[Supplied material Boundary: Start]

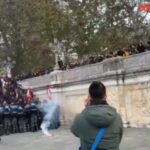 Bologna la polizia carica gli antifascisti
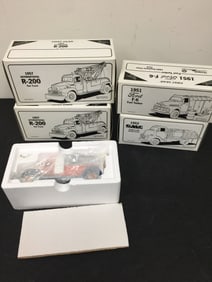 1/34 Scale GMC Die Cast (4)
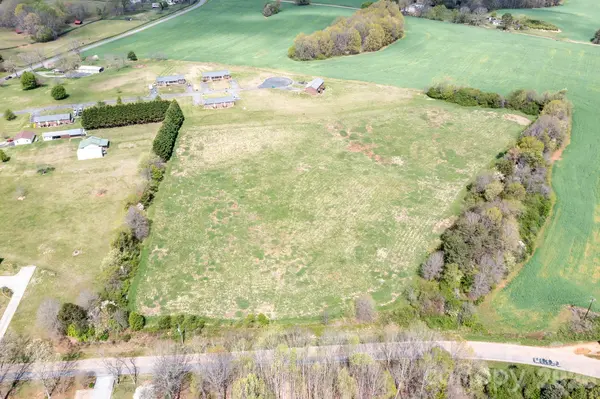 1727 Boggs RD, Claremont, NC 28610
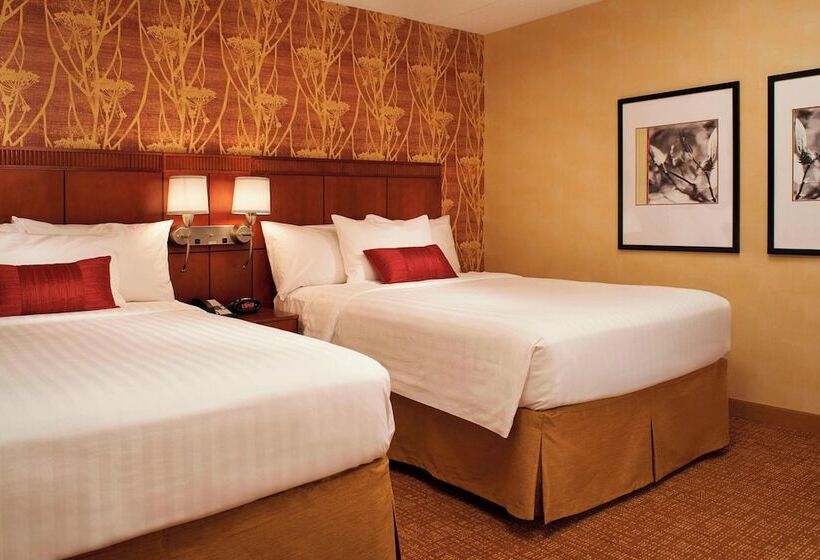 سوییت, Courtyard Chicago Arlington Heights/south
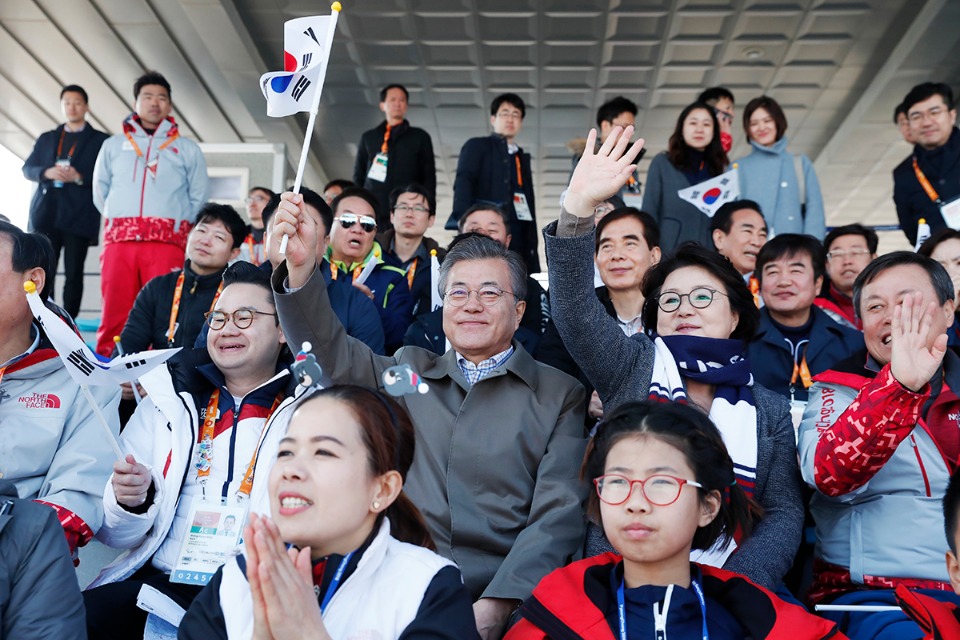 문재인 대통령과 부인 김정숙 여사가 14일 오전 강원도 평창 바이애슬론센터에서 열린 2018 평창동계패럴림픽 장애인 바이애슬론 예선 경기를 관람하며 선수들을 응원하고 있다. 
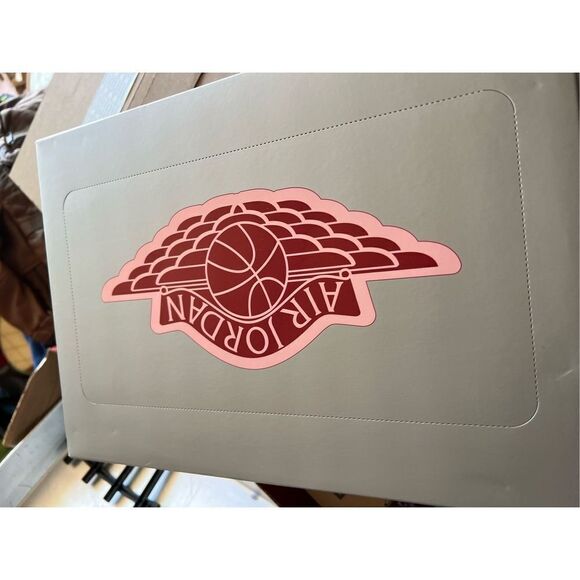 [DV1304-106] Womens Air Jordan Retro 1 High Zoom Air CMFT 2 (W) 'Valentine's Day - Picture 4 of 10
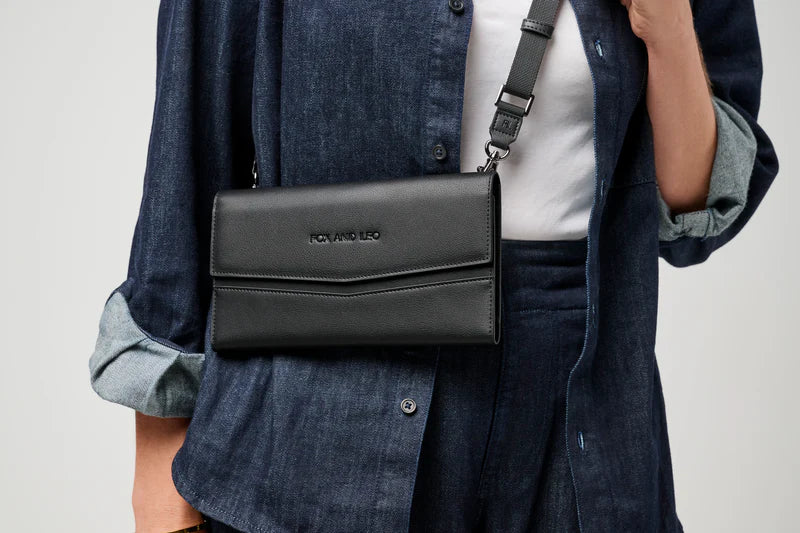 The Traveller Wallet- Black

[Supplied material Boundary: End]

The task calls for repeating each line above exactly while excluding the pictures.

> **Output of the task**:
 Bologna la polizia carica gli antifascisti
 1/34 Scale GMC Die Cast (4)
 1727 Boggs RD, Claremont, NC 28610
 سوییت, Courtyard Chicago Arlington Heights/south
 문재인 대통령과 부인 김정숙 여사가 14일 오전 강원도 평창 바이애슬론센터에서 열린 2018 평창동계패럴림픽 장애인 바이애슬론 예선 경기를 관람하며 선수들을 응원하고 있다. 
 [DV1304-106] Womens Air Jordan Retro 1 High Zoom Air CMFT 2 (W) 'Valentine's Day - Picture 4 of 10
 The Traveller Wallet- Black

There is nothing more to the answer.